Lee Myers says he moved to Seattle from East Texas two years ago in search of open minds. The lanky 28-year-old enrolled at Seattle Central Community College and became editor of the student newspaper's opinion page. It was the perfect platform, he thought, for his "progressive views."

So Myers was shocked when, on Wednesday, January 31, several hundred students gathered at a campus atrium to protest his opinions, specifically those contained in an opinion page piece titled, "Crime and Race: The American Black Crime Epidemic."

Myers said he expected letters, discussion. "I didn't expect to be called a white supremacist," he says, sitting in the lower-level offices of the City Collegian.

His surprise may come as, well, a surprise.

In his quarter-page rant, Myers connects Seattle's low crime rate to the paucity of African Americans here, describes the "black community" as a "significant part of [the] threat" of violent crime, and concludes that racial profiling "is only logical when most criminals are of a particular race." He scolds blacks for believing in the "imaginary dilemma of 'institutionalized racism'" and swears he has the chops to write about all of this because he committed "crime with black friends in the past."

Myers wouldn't expound upon his previous exploits.

The student body at Seattle Central—which is 41.8 percent minority and 12.7 percent black—has reacted with anger and disbelief. In addition to the recent rally, the student government has organized weekly discussion forums and a petition is circulating to remove Myers from the editorial board.

The staff of the student paper insists this is an issue of free speech. Since the piece appeared on an opinion page, says editor in chief Janelle Hartman, readers should know that it represents only one man's point of view.

Many students and faculty members say Myers's treatise was too vitriolic and poorly reasoned to warrant protection as free speech. Political science professor Carl Livingston says it may be hard for people who aren't black to understand the issue.

"When you're an outsider, it's easy to see this as something that's only a free-speech issue and see the word 'opinion' as all that is needed to signal to people that you shouldn't hold a newspaper responsible for what's printed on a page," Livingston says. "Pieces that raise questions about the criminality of how African Americans are being socialized... they strike at the very things that are keeping African Americans at the bottom of society."

Apollo Amen, a former president of the Black Student Union, says Myers's piece "doesn't take into account the why of the social circumstance, the structure of poverty, how drugs and guns get into our community."
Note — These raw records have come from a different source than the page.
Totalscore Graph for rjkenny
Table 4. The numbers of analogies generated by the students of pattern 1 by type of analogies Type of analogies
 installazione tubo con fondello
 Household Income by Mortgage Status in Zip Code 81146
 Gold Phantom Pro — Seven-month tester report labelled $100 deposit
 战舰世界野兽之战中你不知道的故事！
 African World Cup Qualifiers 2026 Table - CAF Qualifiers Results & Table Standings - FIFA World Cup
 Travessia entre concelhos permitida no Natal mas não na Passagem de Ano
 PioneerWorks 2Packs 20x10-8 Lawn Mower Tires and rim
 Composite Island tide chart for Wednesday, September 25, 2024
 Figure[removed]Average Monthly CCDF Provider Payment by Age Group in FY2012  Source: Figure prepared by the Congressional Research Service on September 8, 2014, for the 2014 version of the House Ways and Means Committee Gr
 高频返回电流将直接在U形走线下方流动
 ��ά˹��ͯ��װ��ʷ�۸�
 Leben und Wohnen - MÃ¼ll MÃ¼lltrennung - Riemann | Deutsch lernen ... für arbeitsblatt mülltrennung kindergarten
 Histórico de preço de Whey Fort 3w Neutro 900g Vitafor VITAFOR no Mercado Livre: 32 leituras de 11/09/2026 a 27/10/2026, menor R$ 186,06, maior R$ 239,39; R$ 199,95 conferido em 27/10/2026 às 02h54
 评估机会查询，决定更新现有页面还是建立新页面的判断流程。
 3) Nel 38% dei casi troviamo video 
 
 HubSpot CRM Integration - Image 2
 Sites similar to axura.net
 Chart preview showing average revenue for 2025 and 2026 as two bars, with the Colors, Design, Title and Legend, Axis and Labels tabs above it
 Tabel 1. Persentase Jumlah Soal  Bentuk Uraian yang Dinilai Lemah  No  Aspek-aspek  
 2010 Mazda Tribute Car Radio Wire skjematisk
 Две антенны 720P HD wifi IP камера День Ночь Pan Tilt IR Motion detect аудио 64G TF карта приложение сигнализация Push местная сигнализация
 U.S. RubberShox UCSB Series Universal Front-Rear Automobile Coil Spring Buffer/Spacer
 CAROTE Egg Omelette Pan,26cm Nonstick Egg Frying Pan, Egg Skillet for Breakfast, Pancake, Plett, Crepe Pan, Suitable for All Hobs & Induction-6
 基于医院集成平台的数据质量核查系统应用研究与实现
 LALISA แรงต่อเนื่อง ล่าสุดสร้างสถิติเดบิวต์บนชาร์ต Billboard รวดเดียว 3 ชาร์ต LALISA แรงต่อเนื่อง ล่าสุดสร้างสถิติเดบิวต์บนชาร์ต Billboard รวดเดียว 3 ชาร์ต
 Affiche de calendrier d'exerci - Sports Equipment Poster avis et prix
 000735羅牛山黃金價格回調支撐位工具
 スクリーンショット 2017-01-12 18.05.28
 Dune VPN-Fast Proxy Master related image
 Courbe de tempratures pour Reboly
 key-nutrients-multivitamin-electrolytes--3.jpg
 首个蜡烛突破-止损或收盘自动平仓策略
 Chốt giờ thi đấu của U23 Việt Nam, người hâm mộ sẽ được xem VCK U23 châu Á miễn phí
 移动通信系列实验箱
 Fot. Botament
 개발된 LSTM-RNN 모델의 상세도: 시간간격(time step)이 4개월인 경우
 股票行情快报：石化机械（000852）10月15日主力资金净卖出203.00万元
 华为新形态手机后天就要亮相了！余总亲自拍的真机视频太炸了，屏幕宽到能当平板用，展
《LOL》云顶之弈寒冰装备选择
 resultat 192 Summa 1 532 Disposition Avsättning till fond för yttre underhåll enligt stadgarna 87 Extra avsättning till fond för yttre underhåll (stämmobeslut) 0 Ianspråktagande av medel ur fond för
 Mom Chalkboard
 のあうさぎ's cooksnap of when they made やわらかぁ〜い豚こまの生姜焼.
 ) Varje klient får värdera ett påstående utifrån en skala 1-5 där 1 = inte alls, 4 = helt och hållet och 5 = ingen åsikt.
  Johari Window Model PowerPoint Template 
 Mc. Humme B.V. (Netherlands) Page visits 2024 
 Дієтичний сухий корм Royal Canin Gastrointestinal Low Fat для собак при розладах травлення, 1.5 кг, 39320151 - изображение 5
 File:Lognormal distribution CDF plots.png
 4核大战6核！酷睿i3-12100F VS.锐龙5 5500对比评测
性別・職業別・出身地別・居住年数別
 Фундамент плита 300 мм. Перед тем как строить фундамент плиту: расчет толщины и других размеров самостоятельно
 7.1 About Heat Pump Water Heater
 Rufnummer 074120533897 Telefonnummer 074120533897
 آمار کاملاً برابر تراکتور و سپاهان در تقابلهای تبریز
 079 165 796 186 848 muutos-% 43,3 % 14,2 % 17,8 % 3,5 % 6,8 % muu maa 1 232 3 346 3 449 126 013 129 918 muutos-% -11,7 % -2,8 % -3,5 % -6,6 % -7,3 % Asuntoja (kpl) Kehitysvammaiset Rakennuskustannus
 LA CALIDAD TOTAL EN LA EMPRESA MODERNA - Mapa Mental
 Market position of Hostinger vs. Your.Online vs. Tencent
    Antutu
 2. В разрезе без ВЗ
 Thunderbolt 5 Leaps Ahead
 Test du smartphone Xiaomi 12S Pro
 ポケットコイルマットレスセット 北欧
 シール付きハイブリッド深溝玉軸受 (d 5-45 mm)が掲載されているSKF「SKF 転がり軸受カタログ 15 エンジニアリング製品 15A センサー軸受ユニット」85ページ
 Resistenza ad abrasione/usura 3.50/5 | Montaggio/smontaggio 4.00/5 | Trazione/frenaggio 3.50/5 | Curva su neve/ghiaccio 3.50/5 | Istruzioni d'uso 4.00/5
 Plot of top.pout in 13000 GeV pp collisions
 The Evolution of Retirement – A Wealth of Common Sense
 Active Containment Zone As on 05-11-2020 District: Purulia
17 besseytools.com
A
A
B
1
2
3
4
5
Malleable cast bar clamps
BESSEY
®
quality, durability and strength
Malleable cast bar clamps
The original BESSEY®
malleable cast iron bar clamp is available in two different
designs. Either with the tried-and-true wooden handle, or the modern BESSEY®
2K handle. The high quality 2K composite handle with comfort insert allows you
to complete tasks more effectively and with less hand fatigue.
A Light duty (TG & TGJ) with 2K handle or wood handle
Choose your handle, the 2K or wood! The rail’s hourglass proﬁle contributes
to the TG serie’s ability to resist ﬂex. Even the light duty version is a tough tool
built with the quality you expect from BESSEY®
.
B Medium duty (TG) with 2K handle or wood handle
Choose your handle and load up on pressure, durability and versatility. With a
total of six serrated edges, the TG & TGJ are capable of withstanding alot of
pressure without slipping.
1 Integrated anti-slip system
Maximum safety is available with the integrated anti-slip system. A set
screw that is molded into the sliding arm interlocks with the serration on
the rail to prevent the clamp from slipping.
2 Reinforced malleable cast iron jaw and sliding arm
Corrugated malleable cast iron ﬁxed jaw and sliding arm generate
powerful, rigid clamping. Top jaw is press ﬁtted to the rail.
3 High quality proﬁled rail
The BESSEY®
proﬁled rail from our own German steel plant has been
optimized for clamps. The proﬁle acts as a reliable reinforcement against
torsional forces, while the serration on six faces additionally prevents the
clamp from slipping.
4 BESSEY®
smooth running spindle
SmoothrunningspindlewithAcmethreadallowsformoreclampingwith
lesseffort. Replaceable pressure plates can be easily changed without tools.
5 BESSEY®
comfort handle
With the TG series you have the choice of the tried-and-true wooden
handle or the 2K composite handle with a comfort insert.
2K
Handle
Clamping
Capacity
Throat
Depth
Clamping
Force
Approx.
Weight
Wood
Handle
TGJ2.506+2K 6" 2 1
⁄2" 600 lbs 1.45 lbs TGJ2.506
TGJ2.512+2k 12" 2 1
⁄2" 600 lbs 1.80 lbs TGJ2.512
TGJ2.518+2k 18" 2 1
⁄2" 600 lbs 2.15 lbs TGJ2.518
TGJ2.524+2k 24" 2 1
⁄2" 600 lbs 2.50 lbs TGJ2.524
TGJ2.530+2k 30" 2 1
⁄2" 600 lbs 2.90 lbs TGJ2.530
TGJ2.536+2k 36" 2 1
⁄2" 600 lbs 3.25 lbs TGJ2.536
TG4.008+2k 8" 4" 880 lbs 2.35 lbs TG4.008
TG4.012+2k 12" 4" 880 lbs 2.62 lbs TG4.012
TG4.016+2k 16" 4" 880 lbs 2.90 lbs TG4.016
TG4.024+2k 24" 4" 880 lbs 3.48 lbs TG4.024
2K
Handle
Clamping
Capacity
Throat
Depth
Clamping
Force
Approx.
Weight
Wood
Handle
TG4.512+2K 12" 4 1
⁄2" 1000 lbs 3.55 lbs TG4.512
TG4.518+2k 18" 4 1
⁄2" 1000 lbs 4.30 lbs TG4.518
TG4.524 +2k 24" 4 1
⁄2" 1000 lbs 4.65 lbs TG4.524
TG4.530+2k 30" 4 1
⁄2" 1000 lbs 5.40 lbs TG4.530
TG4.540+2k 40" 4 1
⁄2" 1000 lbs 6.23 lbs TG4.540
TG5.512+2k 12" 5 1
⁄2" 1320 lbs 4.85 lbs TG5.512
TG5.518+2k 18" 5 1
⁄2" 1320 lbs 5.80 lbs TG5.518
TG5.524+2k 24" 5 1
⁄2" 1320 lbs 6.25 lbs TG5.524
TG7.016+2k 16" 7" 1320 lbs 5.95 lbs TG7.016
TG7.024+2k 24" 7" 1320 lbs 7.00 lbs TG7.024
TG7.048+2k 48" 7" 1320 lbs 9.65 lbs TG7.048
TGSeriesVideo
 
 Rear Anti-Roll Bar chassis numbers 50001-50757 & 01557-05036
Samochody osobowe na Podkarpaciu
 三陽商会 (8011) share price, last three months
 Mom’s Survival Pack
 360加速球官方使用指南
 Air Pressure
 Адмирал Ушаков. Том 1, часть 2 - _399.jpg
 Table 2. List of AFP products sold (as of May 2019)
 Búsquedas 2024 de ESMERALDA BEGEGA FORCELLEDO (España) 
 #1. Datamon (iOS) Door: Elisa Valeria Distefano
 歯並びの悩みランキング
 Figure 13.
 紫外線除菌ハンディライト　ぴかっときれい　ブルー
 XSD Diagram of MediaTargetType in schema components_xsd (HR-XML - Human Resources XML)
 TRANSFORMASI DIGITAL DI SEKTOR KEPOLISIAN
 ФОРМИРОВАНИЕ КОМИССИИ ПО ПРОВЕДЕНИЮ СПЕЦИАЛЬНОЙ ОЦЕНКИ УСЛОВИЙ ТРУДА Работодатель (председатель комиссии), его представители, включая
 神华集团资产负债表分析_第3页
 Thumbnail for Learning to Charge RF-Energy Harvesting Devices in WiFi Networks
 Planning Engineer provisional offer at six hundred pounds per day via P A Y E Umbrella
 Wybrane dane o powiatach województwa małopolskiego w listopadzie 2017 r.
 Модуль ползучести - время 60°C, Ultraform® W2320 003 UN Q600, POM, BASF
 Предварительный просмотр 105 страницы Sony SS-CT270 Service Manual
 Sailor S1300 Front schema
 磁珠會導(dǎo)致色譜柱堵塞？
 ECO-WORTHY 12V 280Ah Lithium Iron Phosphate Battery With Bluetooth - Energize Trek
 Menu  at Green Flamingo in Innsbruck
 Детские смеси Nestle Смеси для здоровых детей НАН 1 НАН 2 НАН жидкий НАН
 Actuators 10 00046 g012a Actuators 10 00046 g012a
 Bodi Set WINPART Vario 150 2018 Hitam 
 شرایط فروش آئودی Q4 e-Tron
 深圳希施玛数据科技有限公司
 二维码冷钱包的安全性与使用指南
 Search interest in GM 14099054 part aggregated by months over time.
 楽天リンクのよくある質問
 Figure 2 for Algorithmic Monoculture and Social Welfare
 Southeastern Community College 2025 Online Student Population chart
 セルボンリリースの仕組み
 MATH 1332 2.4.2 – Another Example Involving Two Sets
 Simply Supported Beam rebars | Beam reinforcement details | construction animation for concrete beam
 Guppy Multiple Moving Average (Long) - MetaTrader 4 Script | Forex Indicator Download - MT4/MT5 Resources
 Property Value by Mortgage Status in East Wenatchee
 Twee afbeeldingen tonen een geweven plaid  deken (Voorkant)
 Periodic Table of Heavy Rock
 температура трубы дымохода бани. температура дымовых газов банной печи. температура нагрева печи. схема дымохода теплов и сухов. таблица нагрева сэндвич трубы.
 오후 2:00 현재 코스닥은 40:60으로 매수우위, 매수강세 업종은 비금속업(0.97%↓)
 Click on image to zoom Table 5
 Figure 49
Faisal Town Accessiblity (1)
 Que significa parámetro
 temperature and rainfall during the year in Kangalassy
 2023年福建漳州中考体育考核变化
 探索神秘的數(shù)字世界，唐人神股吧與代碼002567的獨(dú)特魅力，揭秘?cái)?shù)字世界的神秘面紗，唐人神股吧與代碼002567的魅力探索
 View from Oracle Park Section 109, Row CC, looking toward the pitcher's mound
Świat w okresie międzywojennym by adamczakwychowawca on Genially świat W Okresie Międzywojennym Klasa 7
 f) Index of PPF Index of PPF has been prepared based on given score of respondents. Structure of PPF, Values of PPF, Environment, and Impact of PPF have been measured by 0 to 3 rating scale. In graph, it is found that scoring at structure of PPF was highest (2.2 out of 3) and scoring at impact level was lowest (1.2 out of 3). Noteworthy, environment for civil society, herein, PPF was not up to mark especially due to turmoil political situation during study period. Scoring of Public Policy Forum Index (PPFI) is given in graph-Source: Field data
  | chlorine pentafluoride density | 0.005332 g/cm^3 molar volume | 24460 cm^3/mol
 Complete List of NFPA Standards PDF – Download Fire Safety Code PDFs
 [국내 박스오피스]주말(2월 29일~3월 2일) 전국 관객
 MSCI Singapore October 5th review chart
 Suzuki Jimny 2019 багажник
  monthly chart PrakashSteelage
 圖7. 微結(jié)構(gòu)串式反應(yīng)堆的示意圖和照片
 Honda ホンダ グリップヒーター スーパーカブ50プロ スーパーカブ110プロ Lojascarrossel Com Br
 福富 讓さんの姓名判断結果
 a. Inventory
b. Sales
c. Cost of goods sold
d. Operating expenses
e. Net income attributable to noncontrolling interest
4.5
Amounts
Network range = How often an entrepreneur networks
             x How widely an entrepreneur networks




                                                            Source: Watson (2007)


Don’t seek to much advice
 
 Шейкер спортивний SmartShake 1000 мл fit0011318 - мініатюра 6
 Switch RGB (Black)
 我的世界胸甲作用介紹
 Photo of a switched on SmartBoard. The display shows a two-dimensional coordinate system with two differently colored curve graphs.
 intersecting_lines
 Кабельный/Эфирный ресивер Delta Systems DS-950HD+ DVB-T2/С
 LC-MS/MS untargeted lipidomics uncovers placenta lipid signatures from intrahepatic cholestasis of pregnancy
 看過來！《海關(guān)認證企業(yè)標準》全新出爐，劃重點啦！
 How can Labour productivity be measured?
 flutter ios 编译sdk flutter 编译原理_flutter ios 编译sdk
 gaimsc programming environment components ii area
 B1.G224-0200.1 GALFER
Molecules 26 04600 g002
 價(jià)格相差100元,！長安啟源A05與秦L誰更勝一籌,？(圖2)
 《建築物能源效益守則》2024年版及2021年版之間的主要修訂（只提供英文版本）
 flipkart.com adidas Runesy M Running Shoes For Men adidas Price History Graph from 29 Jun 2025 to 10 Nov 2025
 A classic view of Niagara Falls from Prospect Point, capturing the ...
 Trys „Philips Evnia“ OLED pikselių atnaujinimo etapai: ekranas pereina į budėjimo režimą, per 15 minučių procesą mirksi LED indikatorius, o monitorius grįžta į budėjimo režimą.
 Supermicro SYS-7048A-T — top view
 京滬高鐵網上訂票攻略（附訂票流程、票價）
"Stuff like that is just blatantly offensive," he says.

Last year, Amen says, the Collegian ran an essay on Hurricane Katrina in which the author said he would have sold his crack pipe and moved out when the storm approached. In response to reader outcry, he says, the paper organized an editorial review board to vet potentially offensive stories. The board has since been disbanded.

Amen says the next step is for black students to work their way onto the Collegian's editorial board.